DrDu said:
Ok, I understand.
Another question: Is it necessary to have a non-abelian gauge field to obtain an anomaly? I mean in general and not necessarily the axial anomaly. Would a U(1) not do?
chrispb said:
U(1) symmetries can indeed be anomalous.
The axial anomaly of nonabelian gauge theories actually comes from a broken U(1) symmetry.
In QCD, you have U(N_f)_L\times U(N_f)_R chiral symmetry, with both a conserved left-handed current L^\mu and a right-handed one, R^\mu. It is now possible to make a linear combination of those two currents, leading to a vector current V^\mu=(L^\mu+R^\mu)/2 and an axial current A^\mu=(L^\mu-R^\mu)/2 (note: A^\mu is not the gauge field). The symmetry group is now U(N_f)_V\times U(N_f)_A, which is isomorphic to the original one. It now decomposes as
U(N_f)_V\times U(N_f)_A\equiv U(1)_V\times SU(N_f)_V\times U(1)_A\times SU(N_f)_A.

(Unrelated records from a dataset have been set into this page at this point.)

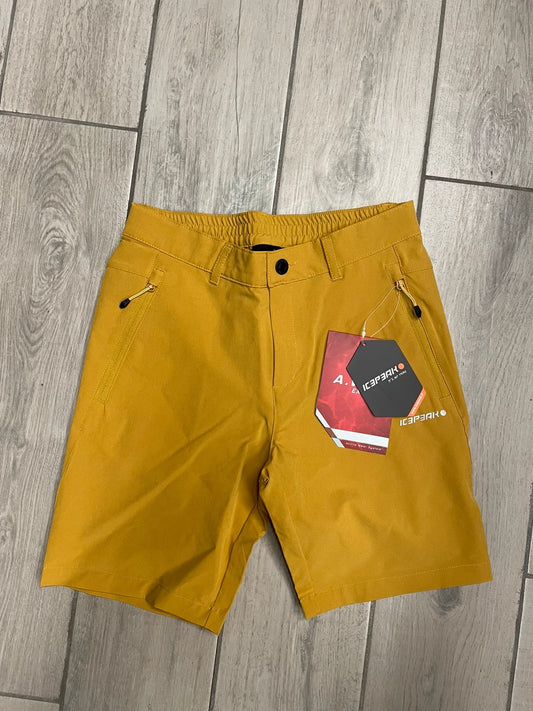 Icepeak pantaloncini corti montagna bimbo 9-10 anni 140 cm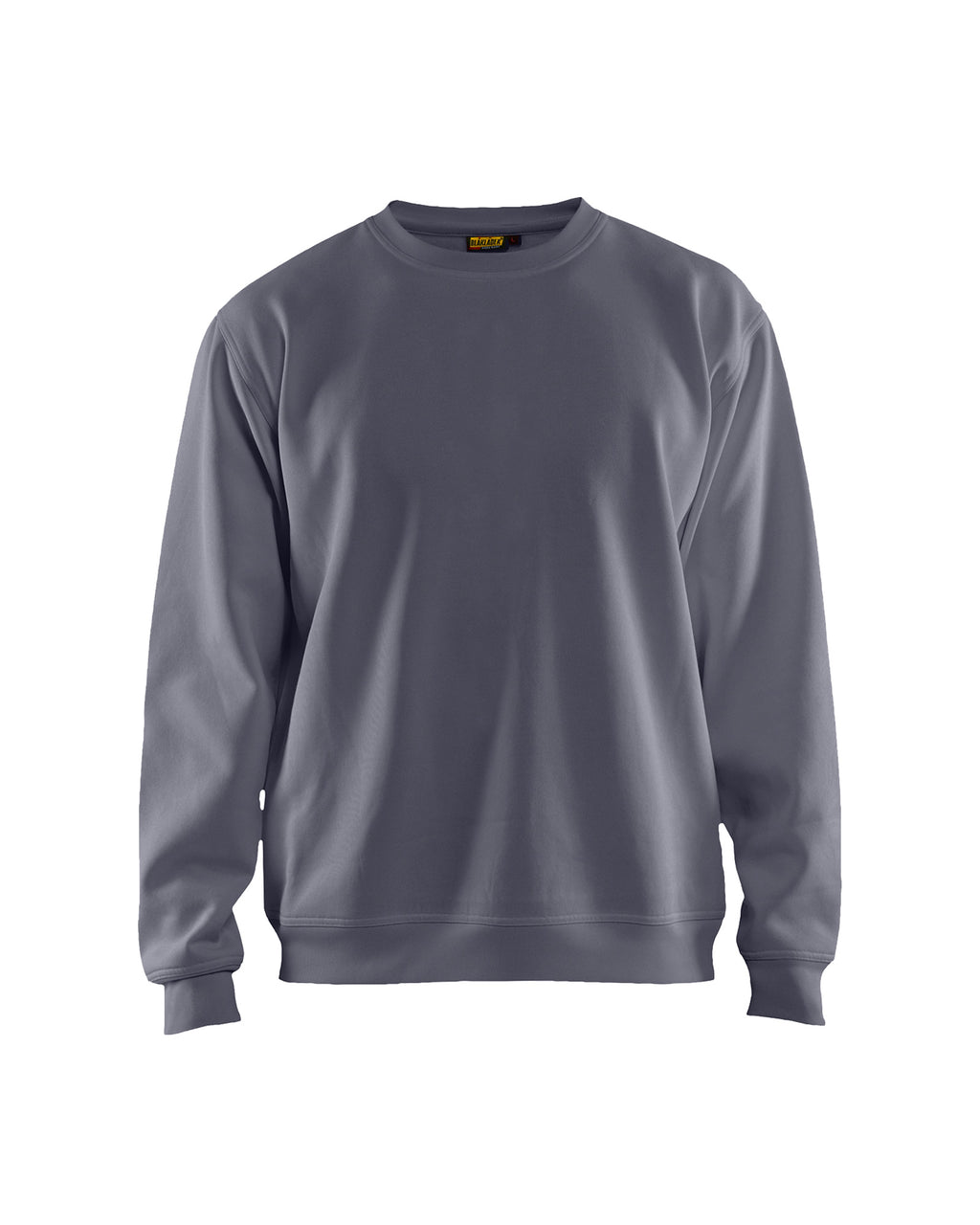 Crew Neck Sweatshirt - Grey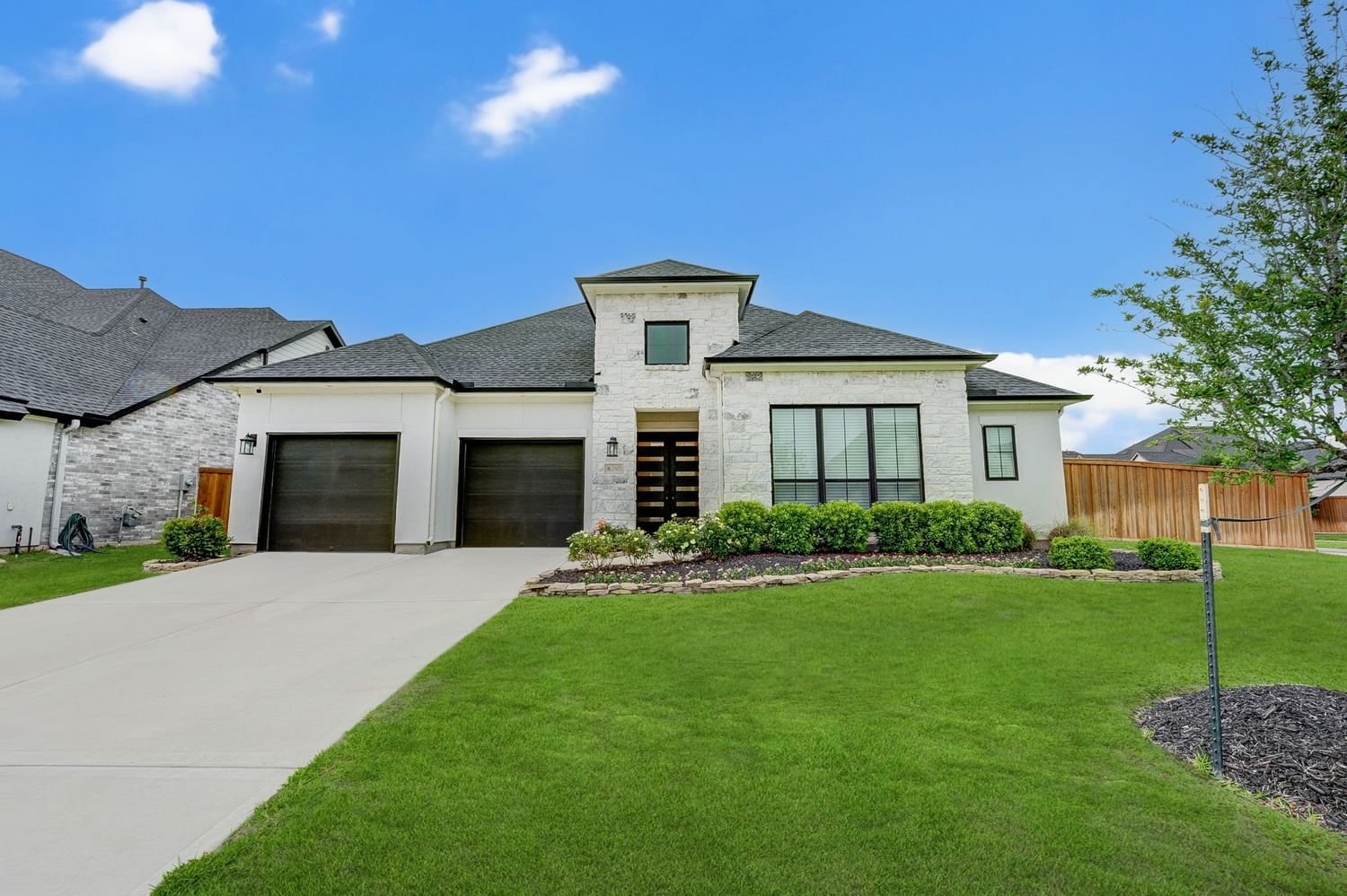 Real estate property located at 27422 Gardinia Ridge, Fort Bend, The Reserve At Katy Sec 8, Katy, TX, US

You can now analyze each part separately, and see what it does. You get the following results:
U(1)_V remains unbroken, it stands for baryon-number conservation.
SU(N_f)_V is broken in the case when quarks have different masses.
SU(N_f)_A is broken when quarks have nonzero mass.
U(1)_A is broken at quantum level for non-vanishing quark masses, that's what is referred to as chiral/axial anomaly.